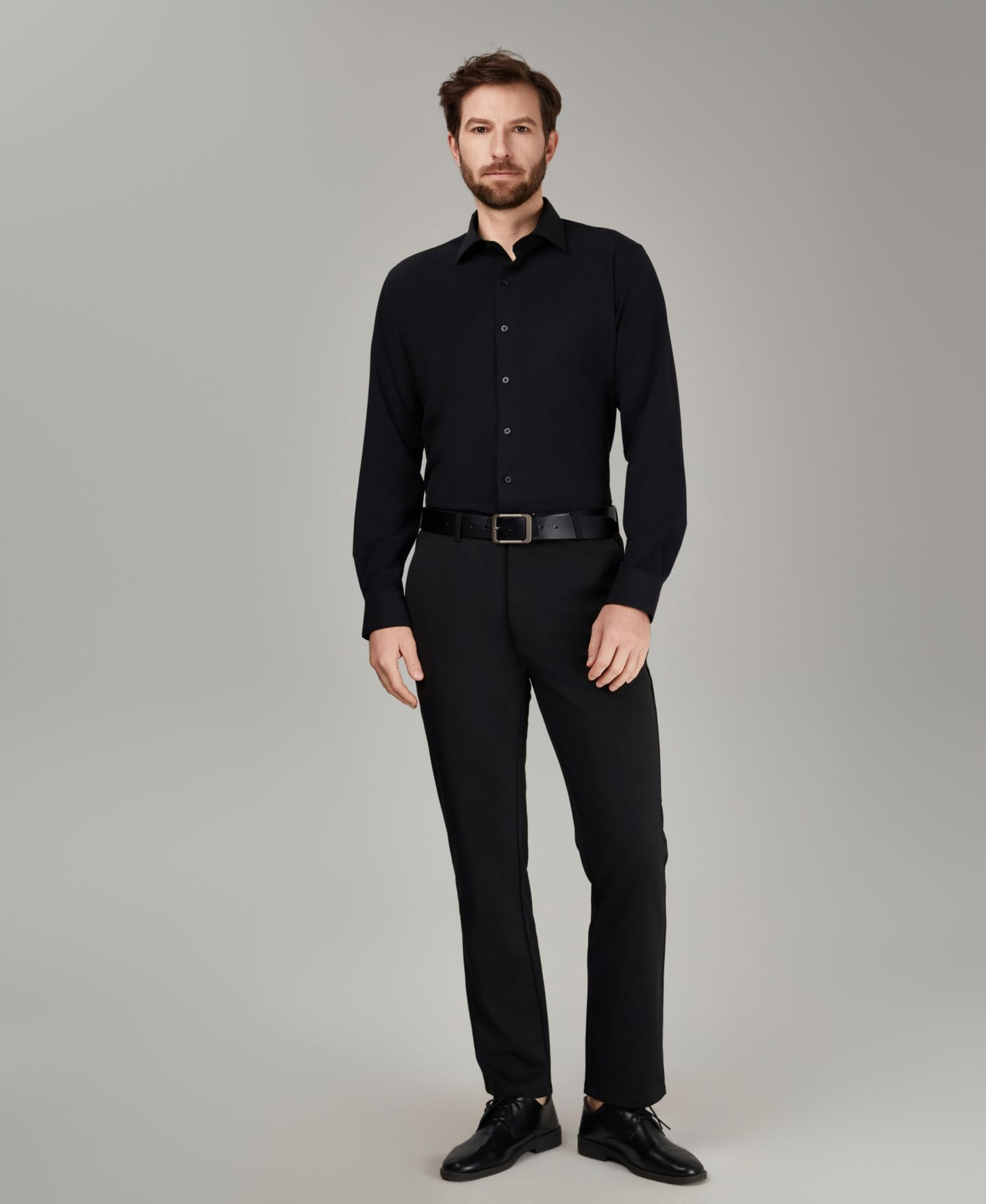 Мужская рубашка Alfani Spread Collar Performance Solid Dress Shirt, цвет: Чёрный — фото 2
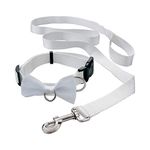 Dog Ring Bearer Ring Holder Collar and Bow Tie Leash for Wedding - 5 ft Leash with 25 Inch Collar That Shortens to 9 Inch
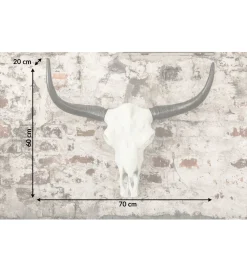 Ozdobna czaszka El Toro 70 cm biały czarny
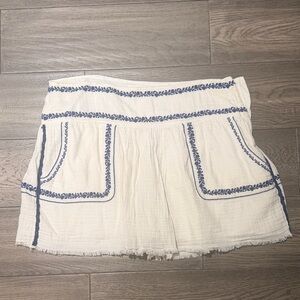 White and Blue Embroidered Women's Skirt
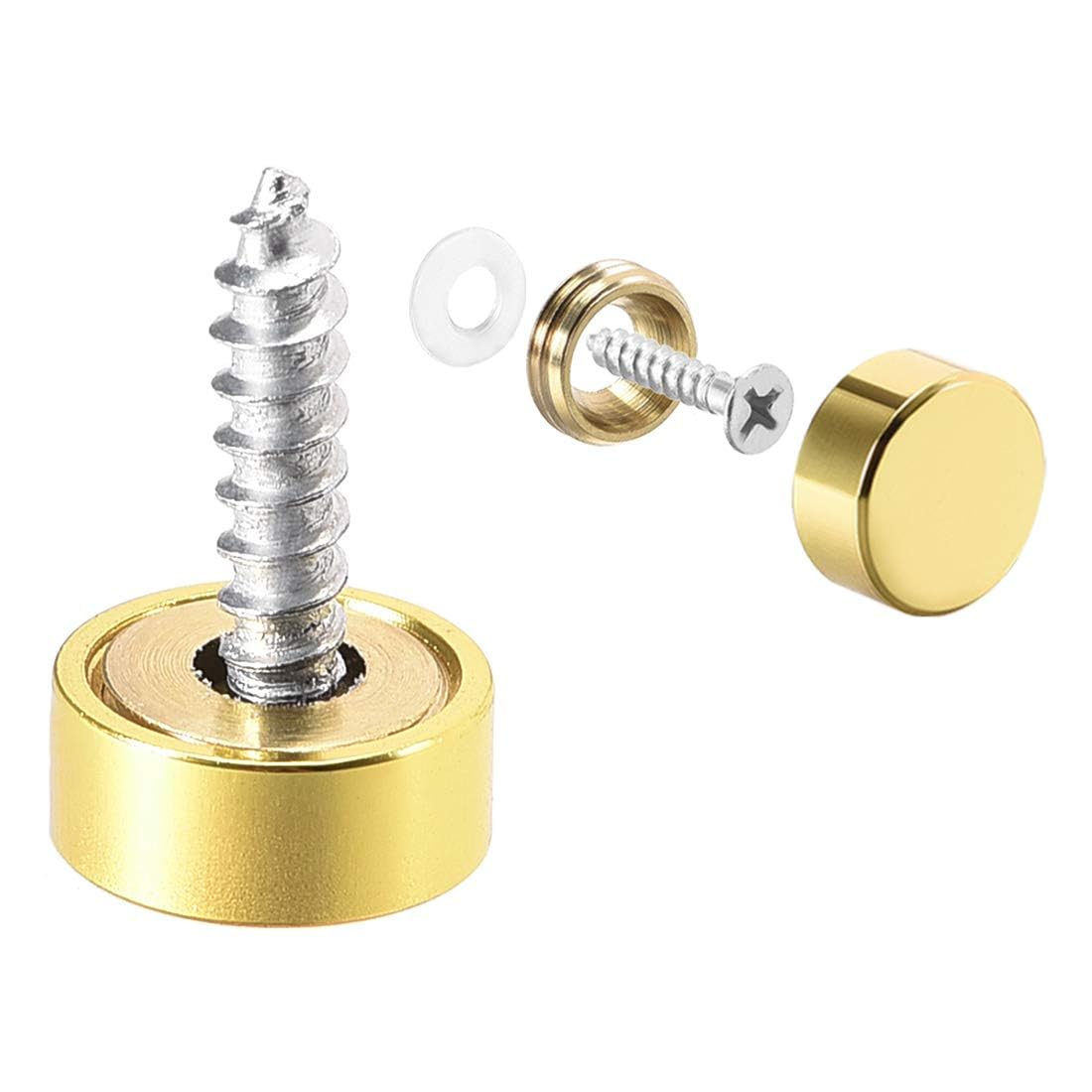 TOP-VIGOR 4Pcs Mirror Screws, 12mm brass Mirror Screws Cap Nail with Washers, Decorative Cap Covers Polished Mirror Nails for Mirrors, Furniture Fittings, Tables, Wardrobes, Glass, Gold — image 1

ASSIGNED TASK:
Give every entry above again, exactly, and keep all pictures out of it.

YOUR RESPONSE:
 Мужская рубашка Alfani Spread Collar Performance Solid Dress Shirt, цвет: Чёрный — фото 2
 Dog Ring Bearer Ring Holder Collar and Bow Tie Leash for Wedding - 5 ft Leash with 25 Inch Collar That Shortens to 9 Inch
 Ozdobna czaszka El Toro 70 cm biały czarny
 White and Blue Embroidered Women's Skirt
 TOP-VIGOR 4Pcs Mirror Screws, 12mm brass Mirror Screws Cap Nail with Washers, Decorative Cap Covers Polished Mirror Nails for Mirrors, Furniture Fittings, Tables, Wardrobes, Glass, Gold — image 1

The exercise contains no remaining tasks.